Monday, January 9, 2012

The internet as memory

Besides online and computer role-playing games, I am still actively playing pen & paper games. I've been playing with the same group and dungeon master for many years now. Recently I've been asked whether I would be willing to be dungeon master for one adventure, while our regular DM recovers his creative spirits. Having done a lot of dungeon mastering at university, I agreed. So I was thinking of an adventure I led about 20 years ago, from a magazine. I remembered the basic outline, which would fit in our campaign, but very few of the details. So armed with just some keywords, I searched Google. And to my surprise I was not only able to find that adventure module, but even download it pdf format.

That made me realize that every film I ever saw, every book I ever read, many magazines, and every online discussion I ever had, are archived somewhere on the internet. At the moment in a form that most of the time doesn't link back to me, but if we follow the ideas of Facebook and similar social media, in the future it will even be marked on your "timeline" which book you read or which film you watched when.
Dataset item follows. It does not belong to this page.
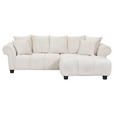 ECKSOFA  in Plüsch Weiß  288/190 cm  - Dunkelbraun/Weiß, KONVENTIONELL, Holz/Textil (288/190cm) - Carryhome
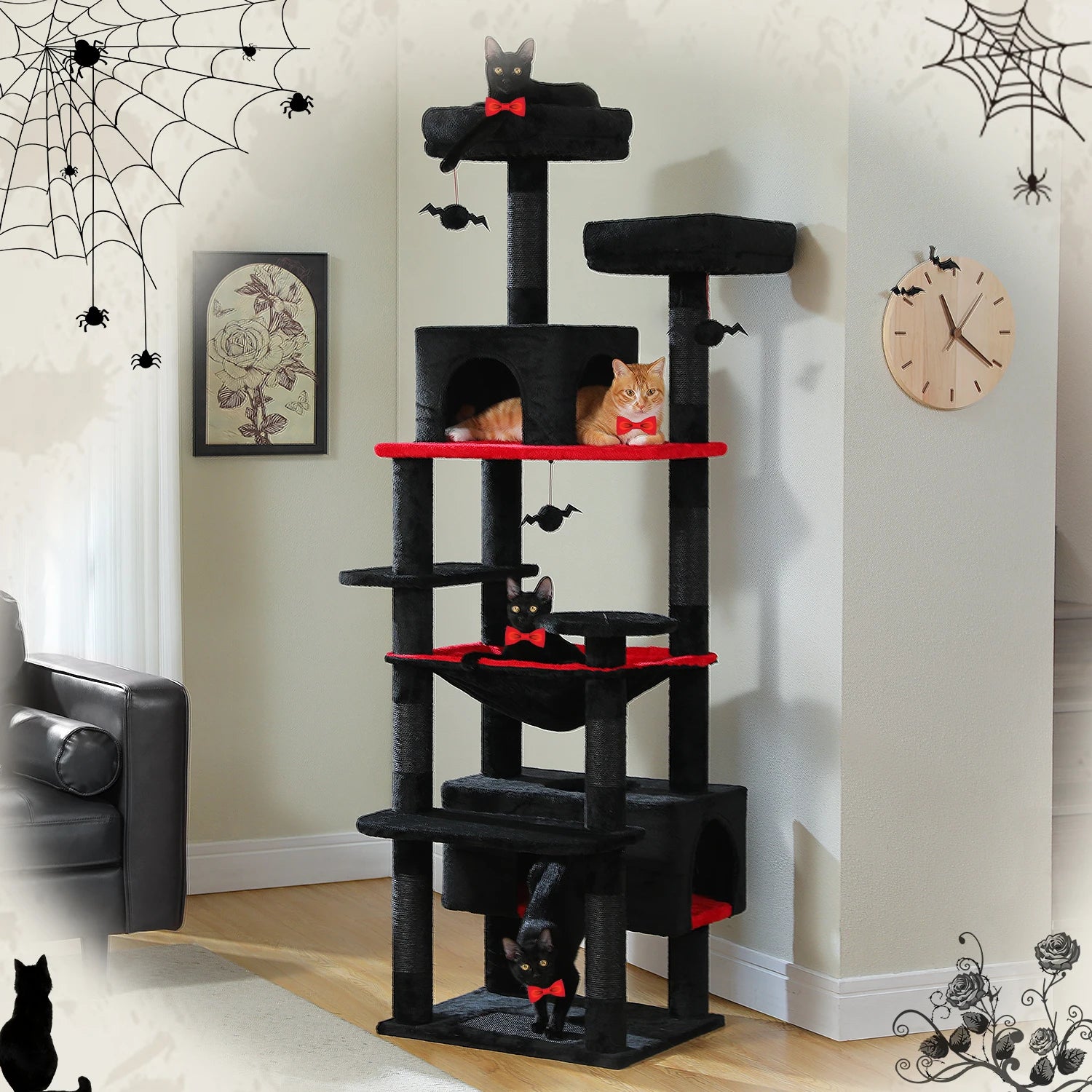 Arbre à Chat XXL – Tour Multifonction avec Niche, Hamac, Griffoirs et Plateformes | Stable et Confortable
While being able to find back old role-playing modules is certainly useful, I find the general concept of the internet as memory somewhat scary. We are formed by what we read and watch, it constitutes our cultural background. Today the internet only makes it clear that we are far from being unique snowflakes, that thousands if not millions of other people have similar cultural backgrounds. In the future we are being menaced with one step further, that there is a complete archive of this background. Again some people might find that useful in researching "what was the name of that film again?" or similar questions. But it also opens up our cultural background to scrutiny of others, from advertisers to the government. How long until every film or TV show we watch, every electronic book or magazine we read is automatically inscribed upon such a timeline? Already Amazon recommends books and films to me based on my previous purchases (a feature that got horribly confused when I ordered a book for a friend with very different interests). How long until other advertisers target you based on a social media timeline, or the books you read land you on the governmental no-fly list? Are we all becoming men of glass?